Interprétabilité mécanistique
Mécanistique Interprétabilité is a field within intelligence artificielle (AI) focused on understanding the internal workings of modèles d'IA, particularly complex réseaux neuronaux. Traditional interpretability often seeks to explain model outputs in human-understandable terms, but mechanistic interpretability delves deeper into the actual mechanisms and processes that lead to those outputs.
En interprétabilité mécanistique, les chercheurs analysent le architecture of AI models, such as the arrangement of neurons in neural networks and the connections between them. By doing so, they aim to uncover how specific features of the input data influence the model’s behavior and decisions. This involves examining the weights, activations, and pathways through which data flows within the model.

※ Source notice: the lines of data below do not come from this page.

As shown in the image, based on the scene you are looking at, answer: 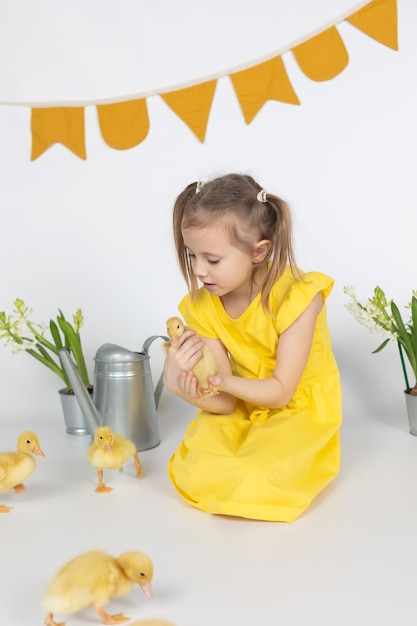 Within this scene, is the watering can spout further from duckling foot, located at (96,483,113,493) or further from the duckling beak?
the duckling beak

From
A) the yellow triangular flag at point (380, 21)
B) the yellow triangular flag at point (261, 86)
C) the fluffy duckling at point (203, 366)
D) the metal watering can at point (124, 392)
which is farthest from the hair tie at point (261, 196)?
the yellow triangular flag at point (380, 21)

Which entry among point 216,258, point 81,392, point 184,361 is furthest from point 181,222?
point 81,392

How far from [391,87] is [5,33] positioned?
994mm

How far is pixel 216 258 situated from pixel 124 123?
34.0 inches

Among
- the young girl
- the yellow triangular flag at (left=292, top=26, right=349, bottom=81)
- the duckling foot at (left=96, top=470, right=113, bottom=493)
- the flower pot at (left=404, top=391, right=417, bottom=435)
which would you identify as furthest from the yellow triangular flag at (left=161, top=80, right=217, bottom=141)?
the duckling foot at (left=96, top=470, right=113, bottom=493)

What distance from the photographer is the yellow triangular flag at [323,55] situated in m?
2.13

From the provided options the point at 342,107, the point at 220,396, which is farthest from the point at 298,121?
the point at 220,396

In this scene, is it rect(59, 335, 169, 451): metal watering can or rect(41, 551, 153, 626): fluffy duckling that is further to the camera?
rect(59, 335, 169, 451): metal watering can

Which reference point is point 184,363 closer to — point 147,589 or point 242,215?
point 242,215

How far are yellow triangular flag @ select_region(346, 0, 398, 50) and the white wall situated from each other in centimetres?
2

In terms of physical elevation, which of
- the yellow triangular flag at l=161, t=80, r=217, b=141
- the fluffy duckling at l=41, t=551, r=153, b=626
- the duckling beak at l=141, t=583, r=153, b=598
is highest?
the yellow triangular flag at l=161, t=80, r=217, b=141

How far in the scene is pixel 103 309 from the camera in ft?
7.41

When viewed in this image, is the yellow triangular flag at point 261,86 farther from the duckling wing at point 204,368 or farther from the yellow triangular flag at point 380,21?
the duckling wing at point 204,368

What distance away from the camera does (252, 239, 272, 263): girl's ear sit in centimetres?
154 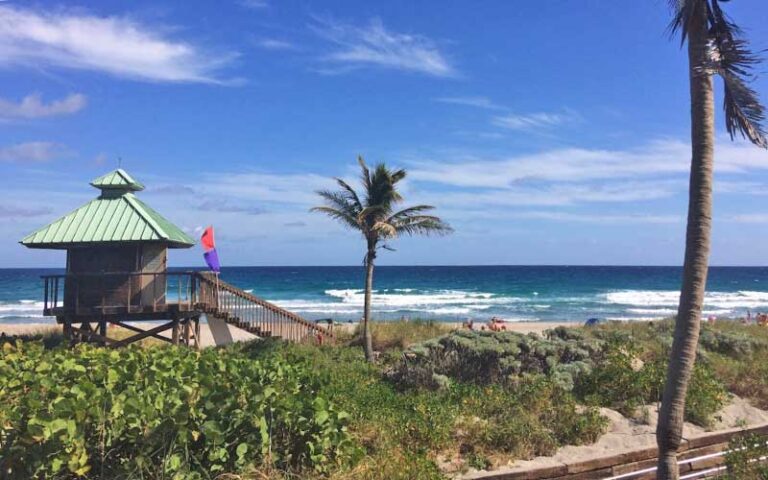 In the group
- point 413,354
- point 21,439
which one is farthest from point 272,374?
point 413,354

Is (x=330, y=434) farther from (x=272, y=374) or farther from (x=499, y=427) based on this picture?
(x=499, y=427)

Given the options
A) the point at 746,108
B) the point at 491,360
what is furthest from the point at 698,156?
the point at 491,360

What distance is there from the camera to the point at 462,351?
43.3 feet

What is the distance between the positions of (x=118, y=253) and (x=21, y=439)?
1326 centimetres

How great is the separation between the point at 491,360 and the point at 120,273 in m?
10.7

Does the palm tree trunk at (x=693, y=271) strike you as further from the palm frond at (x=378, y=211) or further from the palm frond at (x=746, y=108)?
the palm frond at (x=378, y=211)

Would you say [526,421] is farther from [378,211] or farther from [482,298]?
[482,298]

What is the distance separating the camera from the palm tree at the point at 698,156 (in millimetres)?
6387

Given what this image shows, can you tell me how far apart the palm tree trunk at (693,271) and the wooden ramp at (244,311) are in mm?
14744

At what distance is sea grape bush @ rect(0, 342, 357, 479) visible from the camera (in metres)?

The goal of mechanistic interpretability is to develop a comprehensive understanding of why models behave the way they do, which can help in diagnosing errors, ensuring safety, and improving trust in AI systems. For instance, by understanding the mechanisms behind a model’s decision-making, developers can identify potential biases or flaws in the model and work to mitigate them.
Mechanistic interpretability can also facilitate the transfer of knowledge across different models and applications, enhancing the overall understanding of AI systems. As AI becomes increasingly integrated into critical areas such as healthcare, finance, and systèmes autonomes, the importance of mechanistic interpretability grows, highlighting the need for transparent and accountable AI technologies.